Prison officials took visiting reporters into an automotive training building where inmates were learning to work on cars. Inmates consulted manuals to rebuild engines or to learn how to change the rubber on a tire.
Even here among inmates of diverse backgrounds, Cash was a language everyone seemed to speak.
“I know he’s never done time here,” said inmate Patrick Conrad. “He’s iconic here.”
In another building where inmates learned the ins and outs of commercial home wiring, inmate Curtis Weary marveled at the thought a performer as famous as Cash would want to visit a prison and perform.
“So when you have entertainers that take the time out of they day and they life, that means a lot to me,” Weary said. “Knowing that Johnny Cash did that back in his days, that was a real good thing that he did.”
The dining room where Cash played looks pretty much like it did in 1968 when he performed for about 1,000 prisoners on a stage that’s long gone. A nearby room where hangings were once carried out served as Cash’s green room.
Barbed wire rings the dining room and an old mural-like painting was a relative of another mural that was visible in pictures from the concert but has been since taken down.
Calvin, the bass player, was among a group of the prison’s inmate musicians tapped to play in the dining room for visitors — though these days the group is more likely to play funk or jazz fusion than a country song.
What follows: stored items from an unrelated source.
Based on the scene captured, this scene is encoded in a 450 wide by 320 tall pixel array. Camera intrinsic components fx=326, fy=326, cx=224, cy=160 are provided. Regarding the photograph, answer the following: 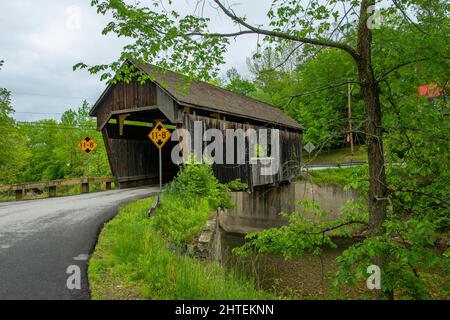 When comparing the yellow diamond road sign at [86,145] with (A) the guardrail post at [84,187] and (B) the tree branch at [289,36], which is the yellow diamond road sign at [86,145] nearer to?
(A) the guardrail post at [84,187]

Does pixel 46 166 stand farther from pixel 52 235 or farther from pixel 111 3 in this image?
pixel 111 3

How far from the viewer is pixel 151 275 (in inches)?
158

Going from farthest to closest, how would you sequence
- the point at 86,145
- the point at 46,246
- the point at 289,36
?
the point at 86,145 → the point at 46,246 → the point at 289,36

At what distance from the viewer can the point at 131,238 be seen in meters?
5.24

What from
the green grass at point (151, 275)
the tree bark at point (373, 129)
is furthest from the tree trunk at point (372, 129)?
the green grass at point (151, 275)

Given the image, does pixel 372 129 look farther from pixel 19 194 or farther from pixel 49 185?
pixel 19 194

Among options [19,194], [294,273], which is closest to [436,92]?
[294,273]

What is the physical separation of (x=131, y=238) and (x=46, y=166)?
131ft

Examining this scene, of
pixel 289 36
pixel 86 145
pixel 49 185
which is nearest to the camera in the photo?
pixel 289 36

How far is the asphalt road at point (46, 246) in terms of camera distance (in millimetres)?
3838

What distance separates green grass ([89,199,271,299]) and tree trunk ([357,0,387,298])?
175 cm

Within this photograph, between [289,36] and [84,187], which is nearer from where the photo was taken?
[289,36]

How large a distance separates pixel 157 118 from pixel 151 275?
13524mm

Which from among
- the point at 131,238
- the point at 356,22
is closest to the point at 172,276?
the point at 131,238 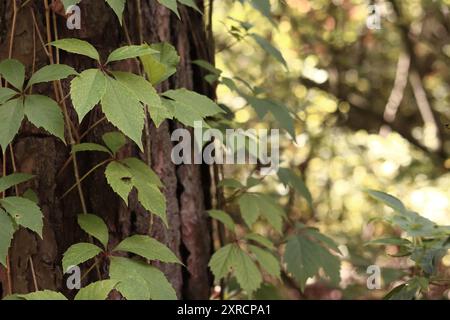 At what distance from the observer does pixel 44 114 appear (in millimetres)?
1176

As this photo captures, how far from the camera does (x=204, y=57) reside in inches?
69.3

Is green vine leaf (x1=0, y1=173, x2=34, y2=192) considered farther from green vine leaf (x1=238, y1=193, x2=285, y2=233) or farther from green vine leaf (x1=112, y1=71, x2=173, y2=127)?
green vine leaf (x1=238, y1=193, x2=285, y2=233)

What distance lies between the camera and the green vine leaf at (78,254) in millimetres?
1191

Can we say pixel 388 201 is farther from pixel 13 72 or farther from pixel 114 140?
pixel 13 72

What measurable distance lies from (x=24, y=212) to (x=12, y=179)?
12cm

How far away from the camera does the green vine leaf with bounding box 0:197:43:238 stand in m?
1.18

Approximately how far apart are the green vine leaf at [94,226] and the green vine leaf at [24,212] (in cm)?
13

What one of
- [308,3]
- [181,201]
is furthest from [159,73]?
[308,3]

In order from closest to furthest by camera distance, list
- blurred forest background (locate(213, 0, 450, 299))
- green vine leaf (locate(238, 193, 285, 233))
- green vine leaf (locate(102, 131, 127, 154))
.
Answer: green vine leaf (locate(102, 131, 127, 154)), green vine leaf (locate(238, 193, 285, 233)), blurred forest background (locate(213, 0, 450, 299))

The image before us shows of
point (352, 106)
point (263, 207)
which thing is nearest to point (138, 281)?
point (263, 207)

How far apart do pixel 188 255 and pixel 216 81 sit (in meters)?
0.46

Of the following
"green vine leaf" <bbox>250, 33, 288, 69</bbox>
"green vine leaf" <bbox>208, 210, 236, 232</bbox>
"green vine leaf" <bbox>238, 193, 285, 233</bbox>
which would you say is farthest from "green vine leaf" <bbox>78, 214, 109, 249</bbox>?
"green vine leaf" <bbox>250, 33, 288, 69</bbox>

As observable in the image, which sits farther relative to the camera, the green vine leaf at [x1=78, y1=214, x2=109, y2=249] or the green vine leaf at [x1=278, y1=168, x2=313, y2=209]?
the green vine leaf at [x1=278, y1=168, x2=313, y2=209]

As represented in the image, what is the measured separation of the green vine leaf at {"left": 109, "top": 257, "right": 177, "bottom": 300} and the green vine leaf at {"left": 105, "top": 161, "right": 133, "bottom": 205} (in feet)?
0.41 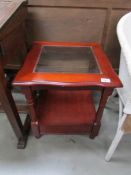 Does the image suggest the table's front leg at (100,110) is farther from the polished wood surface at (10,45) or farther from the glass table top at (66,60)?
the polished wood surface at (10,45)

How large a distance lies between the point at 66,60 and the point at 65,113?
0.39m

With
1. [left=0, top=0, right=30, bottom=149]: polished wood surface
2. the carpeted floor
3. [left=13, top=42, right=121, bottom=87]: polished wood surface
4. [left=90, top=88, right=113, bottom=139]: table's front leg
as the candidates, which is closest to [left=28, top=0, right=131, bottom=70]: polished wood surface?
[left=0, top=0, right=30, bottom=149]: polished wood surface

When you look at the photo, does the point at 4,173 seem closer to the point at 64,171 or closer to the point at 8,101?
the point at 64,171

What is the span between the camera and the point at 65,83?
0.85 m

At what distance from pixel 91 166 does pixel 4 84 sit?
783 millimetres

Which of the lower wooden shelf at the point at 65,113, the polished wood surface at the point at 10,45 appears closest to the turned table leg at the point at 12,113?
the polished wood surface at the point at 10,45

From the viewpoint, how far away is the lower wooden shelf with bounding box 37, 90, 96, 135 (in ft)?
3.90

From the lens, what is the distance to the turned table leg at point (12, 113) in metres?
0.86

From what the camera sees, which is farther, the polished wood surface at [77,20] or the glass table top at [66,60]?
the polished wood surface at [77,20]

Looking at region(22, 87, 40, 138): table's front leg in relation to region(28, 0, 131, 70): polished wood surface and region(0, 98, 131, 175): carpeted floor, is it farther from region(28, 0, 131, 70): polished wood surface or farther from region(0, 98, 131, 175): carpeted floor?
region(28, 0, 131, 70): polished wood surface

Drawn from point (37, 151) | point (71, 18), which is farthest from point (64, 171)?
point (71, 18)

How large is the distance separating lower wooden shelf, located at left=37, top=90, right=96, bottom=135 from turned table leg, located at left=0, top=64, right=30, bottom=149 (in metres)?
0.14

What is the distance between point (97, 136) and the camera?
135 centimetres

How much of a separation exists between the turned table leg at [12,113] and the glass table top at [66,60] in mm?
193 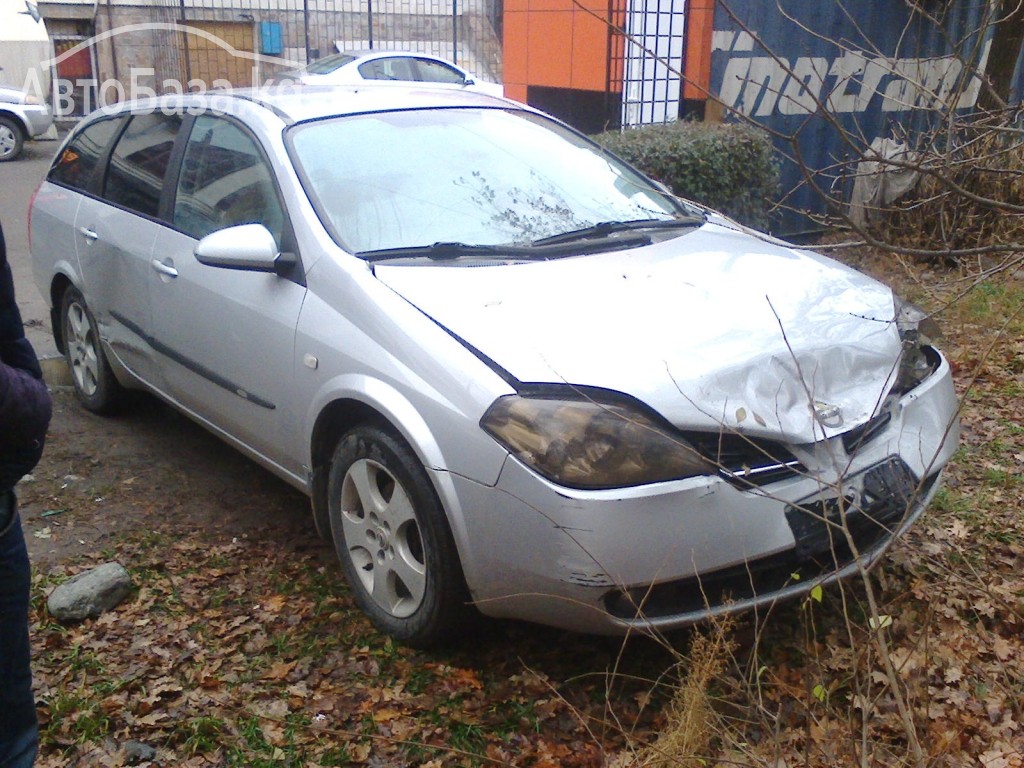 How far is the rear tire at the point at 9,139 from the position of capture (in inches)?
618

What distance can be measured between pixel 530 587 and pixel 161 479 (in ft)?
8.33

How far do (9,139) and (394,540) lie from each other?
49.1 ft

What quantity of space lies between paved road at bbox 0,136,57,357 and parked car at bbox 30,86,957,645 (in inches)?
105

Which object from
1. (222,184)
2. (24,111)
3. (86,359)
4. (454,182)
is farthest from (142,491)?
(24,111)

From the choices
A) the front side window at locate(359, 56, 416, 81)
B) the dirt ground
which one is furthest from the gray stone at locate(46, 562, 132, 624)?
the front side window at locate(359, 56, 416, 81)

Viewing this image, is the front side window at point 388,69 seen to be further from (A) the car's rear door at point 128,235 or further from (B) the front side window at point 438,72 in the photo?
(A) the car's rear door at point 128,235

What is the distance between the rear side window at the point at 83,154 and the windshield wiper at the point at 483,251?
240 centimetres

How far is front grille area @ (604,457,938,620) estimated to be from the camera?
2.89 metres

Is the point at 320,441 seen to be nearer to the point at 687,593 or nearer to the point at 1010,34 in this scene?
the point at 687,593

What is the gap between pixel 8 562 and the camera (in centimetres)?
224

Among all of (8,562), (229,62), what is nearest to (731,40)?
(8,562)

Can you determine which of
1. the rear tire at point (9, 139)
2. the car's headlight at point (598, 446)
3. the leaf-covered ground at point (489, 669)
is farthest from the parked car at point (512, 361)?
the rear tire at point (9, 139)

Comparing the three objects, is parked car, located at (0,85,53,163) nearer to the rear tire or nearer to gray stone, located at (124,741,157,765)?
the rear tire

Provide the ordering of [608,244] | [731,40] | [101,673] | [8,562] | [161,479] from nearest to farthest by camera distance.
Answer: [8,562], [101,673], [608,244], [161,479], [731,40]
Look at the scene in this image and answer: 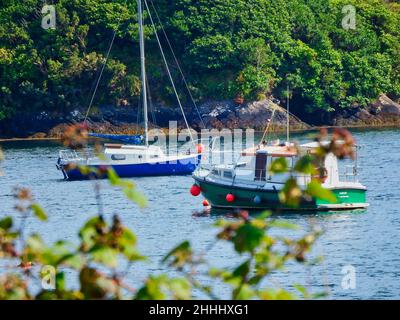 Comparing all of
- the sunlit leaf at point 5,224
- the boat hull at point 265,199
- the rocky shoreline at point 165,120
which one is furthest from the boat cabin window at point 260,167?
the rocky shoreline at point 165,120

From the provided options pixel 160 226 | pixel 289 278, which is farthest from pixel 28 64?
pixel 289 278

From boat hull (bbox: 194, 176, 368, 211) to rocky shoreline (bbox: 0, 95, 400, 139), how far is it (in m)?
46.3

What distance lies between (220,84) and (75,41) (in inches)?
447

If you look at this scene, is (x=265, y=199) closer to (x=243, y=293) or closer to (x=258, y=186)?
(x=258, y=186)

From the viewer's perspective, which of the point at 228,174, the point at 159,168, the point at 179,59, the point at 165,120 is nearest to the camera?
the point at 228,174

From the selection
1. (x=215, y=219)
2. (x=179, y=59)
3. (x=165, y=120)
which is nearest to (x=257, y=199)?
(x=215, y=219)

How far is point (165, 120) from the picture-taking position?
289 ft

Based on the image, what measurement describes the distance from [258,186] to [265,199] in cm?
59

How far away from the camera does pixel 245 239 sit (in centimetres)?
588

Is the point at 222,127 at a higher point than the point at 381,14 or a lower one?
lower

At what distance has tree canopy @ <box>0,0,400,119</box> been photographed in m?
89.9

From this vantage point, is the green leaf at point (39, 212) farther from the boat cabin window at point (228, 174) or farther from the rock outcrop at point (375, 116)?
the rock outcrop at point (375, 116)
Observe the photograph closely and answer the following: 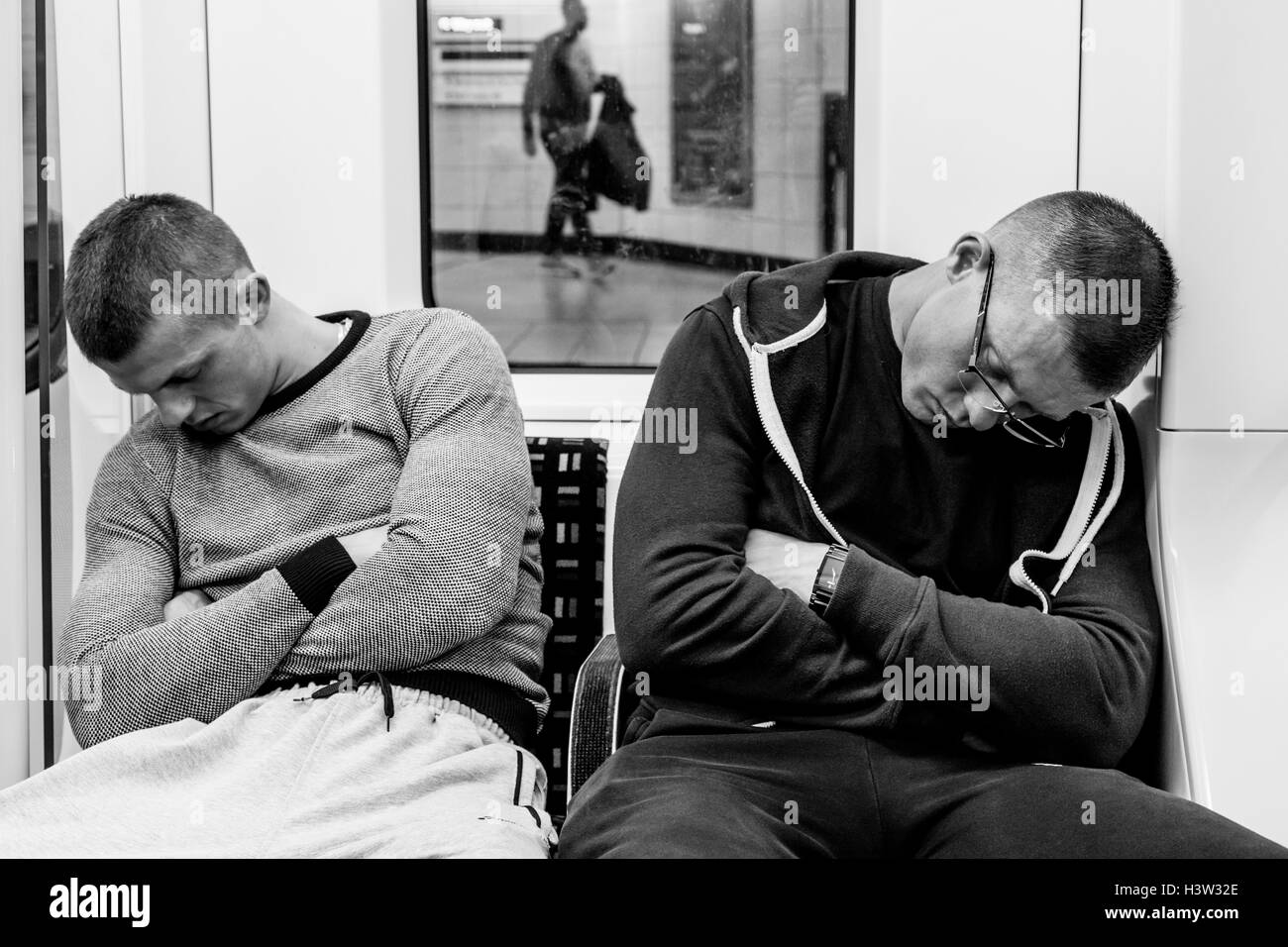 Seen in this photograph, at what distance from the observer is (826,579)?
1639 mm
But Calvin counts Cash as an idol — if nothing else for the redemptive lessons of Cash’s own life, which landed the entertainer in jail several times.
“For me, he’s the example, you can go through this,” Calvin said. “You can go through this and you can come out and be successful and make a positive difference.”
Calvin and his bandmates laid into a dark funky dirge — a sound that bounced off the stone walls where a sign read “No warning shots fired.” Cash had stood in this same spot, playing to a roomful of men who found temporarily solace in a rare afternoon of music.
The prison planned to mark the anniversary with a concert by a Johnny Cash impersonator. But for many in Folsom, it was almost as if the real Johnny Cash was still headlining too.